Abkürzungen, die in lateinischen Handschriften zuhauf auftreten, sind im «Cappelli» systematisch aufgelistet. (Auszug: zVg.)

Um sich zu entlasten, kommt ihm die Idee, ein Nachschlagewerk zu schreiben. Er verfasst es in akribischer Sorgfalt und veröffentlicht es unter dem ausschweifenden Titel: «Das Wörterbuch lateinischer und italienischer Abkürzungen, wie sie in Urkunden und Handschriften besonders des Mittelalters gebräuchlich sind; dargestellt in über 14000 Zeichen, nebst einer Abhandlung über die mittelalterliche Kurzschrift, einer Zusammenstellung epigraphischer Siegel, der alten römischen und arabischen Zählung und der Zeichen für Münzen, Masse und Gewichte». Bis heute wird das Nachschlagewerk von Historikern für Übersetzungsarbeiten benutzt. Cappelli hatte mit seinem Lexikon ein Hilfsmittel für die Historischen Hilfswissenschaften geschaffen, einen Bestseller, der bis heute häufig nachgedruckt wurde.

Drittes Kapitel: Im Jahr 2014. Eine Studentin der Geschichte sitzt an einer alten Handschrift. Wieder geht es um die «Dicta Pirmini», die Predigt des Heiligen Pirmin. «Nicht so ganz einfach zu entziffern, die lateinische Schrift, doch es gibt ja den Cappelli», denkt die Studentin.
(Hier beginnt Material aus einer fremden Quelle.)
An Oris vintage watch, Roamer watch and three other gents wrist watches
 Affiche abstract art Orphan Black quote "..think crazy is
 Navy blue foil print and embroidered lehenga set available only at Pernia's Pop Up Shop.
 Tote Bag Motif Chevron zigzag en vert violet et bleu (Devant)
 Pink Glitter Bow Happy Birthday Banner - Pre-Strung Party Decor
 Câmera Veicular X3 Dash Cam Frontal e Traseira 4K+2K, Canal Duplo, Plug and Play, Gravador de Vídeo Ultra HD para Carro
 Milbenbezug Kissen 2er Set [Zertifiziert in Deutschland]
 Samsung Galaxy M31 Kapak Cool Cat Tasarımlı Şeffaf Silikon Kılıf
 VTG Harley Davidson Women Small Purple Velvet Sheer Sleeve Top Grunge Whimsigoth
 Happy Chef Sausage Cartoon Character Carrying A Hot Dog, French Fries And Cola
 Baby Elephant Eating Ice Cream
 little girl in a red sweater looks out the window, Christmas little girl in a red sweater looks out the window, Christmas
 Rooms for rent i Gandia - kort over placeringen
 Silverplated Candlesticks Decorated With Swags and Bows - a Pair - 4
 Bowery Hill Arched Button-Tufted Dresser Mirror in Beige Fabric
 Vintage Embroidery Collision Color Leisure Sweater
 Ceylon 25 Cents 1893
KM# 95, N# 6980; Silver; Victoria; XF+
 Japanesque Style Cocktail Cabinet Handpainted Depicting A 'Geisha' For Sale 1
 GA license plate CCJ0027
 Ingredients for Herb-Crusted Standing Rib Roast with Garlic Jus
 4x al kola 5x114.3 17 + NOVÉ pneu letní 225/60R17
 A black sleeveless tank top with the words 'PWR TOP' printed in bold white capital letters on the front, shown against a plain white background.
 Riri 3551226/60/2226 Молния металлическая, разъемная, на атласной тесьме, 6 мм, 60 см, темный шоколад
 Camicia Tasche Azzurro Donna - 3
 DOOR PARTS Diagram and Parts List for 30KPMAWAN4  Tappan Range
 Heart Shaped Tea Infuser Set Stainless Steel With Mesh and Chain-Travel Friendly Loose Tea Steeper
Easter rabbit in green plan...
Das Handbuch hat allerdings Nachteile, sie muss hin und her blättern, Querverweise fehlen. Es wäre wunderbar, wenn das Nachschlagewerk digital zur Verfügung stünde und mit Suchkriterien versehen wäre. Das würde doch die Arbeit sehr erleichtern, meint die angehende Historikerin.

Viertes Kapitel: Oktober 2015. Was hätte Herr Cappelli wohl dazu gesagt, dass sein Bestseller etwa hundert Jahre nach dem erstmaligen Erscheinen im Internet abrufbar sein wird, und zwar nach den Open-Source-Regeln: für jeden zugänglich. Dabei sollen die Abkürzungen nicht nur digitalisiert, sondern anhand eines eigens dafür entwickelten Web-Interface strukturell systematisiert werden, um so die Suchfunktionalität und die Nutzbarkeit zu erhöhen und zu optimieren.

Eingebettet ist diese Arbeit in das E-Learning-Tool Ad fontes, ein Lernangebot der Universität Zürich für Archivbesucherinnen und Archivbesucher. Es richtet sich vornehmlich an Studierende der Geschichtswissenschaft und verwandter Fächer, aber auch an interessierte Laien. Zum Einstieg findet am 22. Oktober an der UZH ein so genannter «Cappelli-Hackathon» statt: Interessierte können an diesem Tag gemeinsam mit Expertinnen und Experten erste Abkürzungen ins Web übertragen, begleitet wird die Veranstaltung von Referaten aus verschiedenen Bereichen der digitalen Geisteswissenschaften.